About this exercise: With the pictures left out, please return exactly the line holding "workplace with computer, isolated" and each following line until the entries end.

Task input:
==========

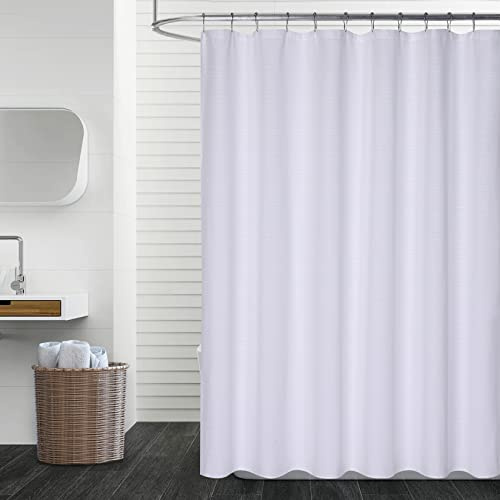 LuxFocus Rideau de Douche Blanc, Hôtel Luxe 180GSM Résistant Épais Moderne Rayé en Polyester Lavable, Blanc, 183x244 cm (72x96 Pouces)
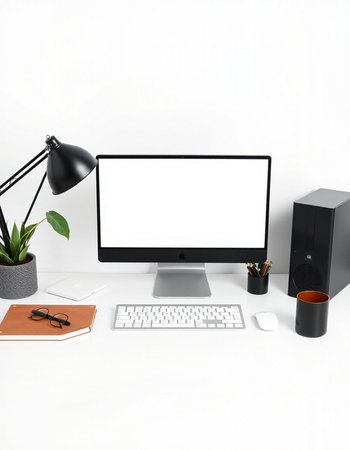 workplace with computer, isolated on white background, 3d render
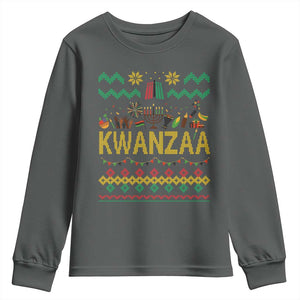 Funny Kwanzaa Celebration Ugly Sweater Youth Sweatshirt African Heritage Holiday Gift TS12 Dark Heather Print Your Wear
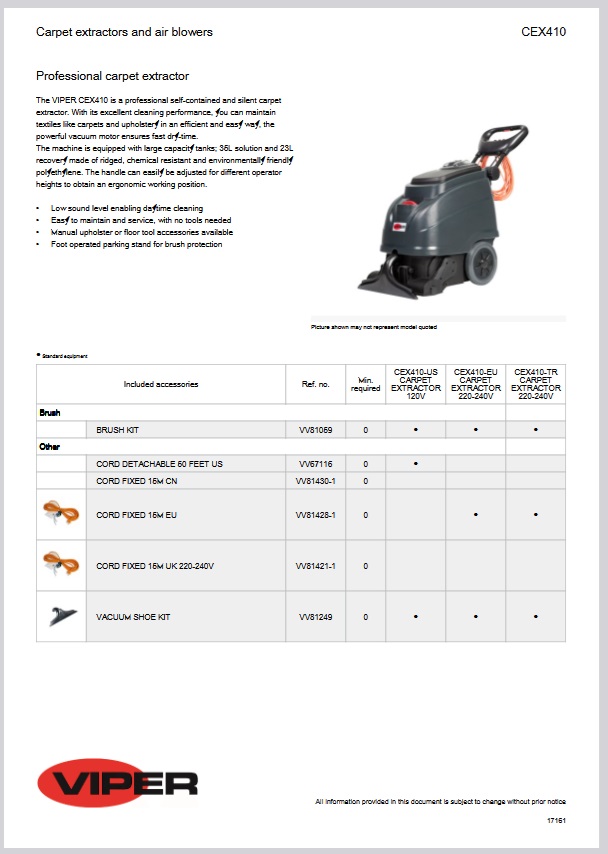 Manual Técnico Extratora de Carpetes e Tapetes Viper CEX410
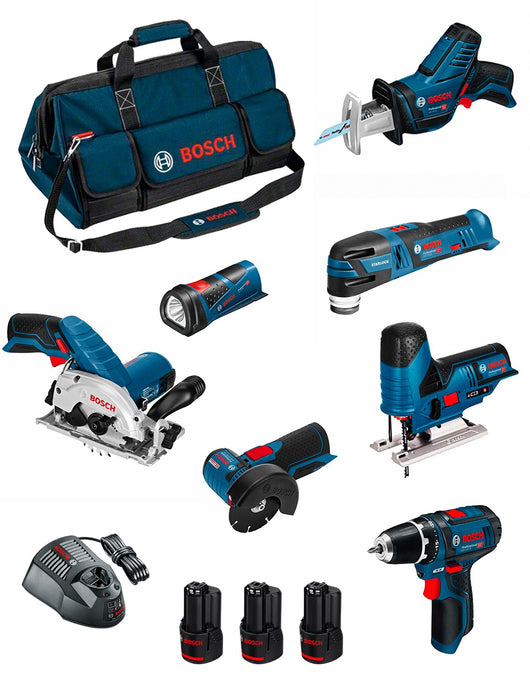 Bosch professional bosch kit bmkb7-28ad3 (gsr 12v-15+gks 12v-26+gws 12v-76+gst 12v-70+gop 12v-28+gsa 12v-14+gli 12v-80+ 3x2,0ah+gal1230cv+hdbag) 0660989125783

==========

Result below:
 workplace with computer, isolated on white background, 3d render
 Funny Kwanzaa Celebration Ugly Sweater Youth Sweatshirt African Heritage Holiday Gift TS12 Dark Heather Print Your Wear
 Manual Técnico Extratora de Carpetes e Tapetes Viper CEX410
 Bosch professional bosch kit bmkb7-28ad3 (gsr 12v-15+gks 12v-26+gws 12v-76+gst 12v-70+gop 12v-28+gsa 12v-14+gli 12v-80+ 3x2,0ah+gal1230cv+hdbag) 0660989125783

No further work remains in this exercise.